Creation of the ingress route

Edit the following file curiakube_ingress.yaml, where again you replace the domain name (2 times):

apiVersion: extensions/v1beta1
kind: Ingress
metadata:
  name: curiakube-ingress
  annotations:
    kubernetes.io/ingress.class: nginx
    cert-manager.io/cluster-issuer: letsencrypt
spec:
  tls:
  - hosts:
    - curia.me
    secretName: tls-secret
  rules:
  - host: curia.me
    http:
      paths:
      - backend:
          serviceName: curiakube
          servicePort: 80
        path: /

Apply it with:

kubectl apply -f curiakube_ingress.yaml --namespace default

Determine your public IP, and update your DNS accordingly:

kubectl get ingress

Verify that a secret has been produced:

kubectl describe certificates

Wait for the certificate to be produced, when the output of the next command will give Ready=True (it took me 6 minutes to see that it has been done).

kubectl get certificate --namespace default

Now, if you flush your local DNS cache and open the browser pointing to your domain, you should see everything running, in https.

Shut down the site

Kubernetes is not like an App Service, that you can shut it down when you don't need it.
Note that if you need to take a backup of your site, you don't need to do it!
But, in case you want for other reasons, you need to undeploy the pod of your application:

kubectl delete deployment curiakube

When you want to put it back, I have verified that you have to reapply both the application and the ingress controller (otherwise you don't get the SSL certificate):

kubectl apply -f curiakube.yaml --namespace default
kubectl apply -f curiakube_ingress.yaml --namespace default

Other troubleshooting

During my experiments, I have done multiple troubleshooting. I have taken many commands from the Kubernetes cheat-sheet.

Here I list the main one:

kybectl get all
kubectl get certificate --namespace default
kubectl describe certificates
kubectl get ingress
kubectl describe ingress
kubectl get service
kubectl get pods
kubectl get clusterissuers

In particular to access logs and log in into the pod:

kubectl get all
kubectl logs pod/curiakube-**************vh
kubectl exec -it pod/curiakube-**************vh -- /bin/bash

Conclusions

First of all, I need again to thank my colleagues for their invaluable support.

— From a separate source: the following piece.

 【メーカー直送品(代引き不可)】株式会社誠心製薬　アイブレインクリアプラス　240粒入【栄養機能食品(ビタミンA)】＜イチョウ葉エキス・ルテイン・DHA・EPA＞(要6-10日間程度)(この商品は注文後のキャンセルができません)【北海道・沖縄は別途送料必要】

Without the help of Gareth in doing the initial setup in http, and the help of Andre in configuring Let's Encrypt and removing helm, I would have not been absolutely able to do it. Finally we needed a support engineer, Raghuram, to fix the permissions on the tmp folder.

The site works very well, I am already editing it now, draft are saved after every few seconds, and I verify that the SQLite database is correctly updated in real time! Also uploading of pictures works well.

But that is the point: I have to do this very complex migration just because in Azure I can't use a storage blob read-write, and with Azure Files I can't specify an access mask.

So all of this is a huge workaround because of technical limitations in the access to storage. We have built a incredible complex system, full of scripts and yaml files, that I don't know for how long they will continue to work or be reproducible in the (near ?) future.

This is my last worry: all the Kubernetes world is complex and moving so fast, week after week, that I don't see it sustainable even in the near future. I hope that it will be replaced by something simpler, easier and more stable. Or better, that Azure App Services could mount blobs and/or files specifying the access mask.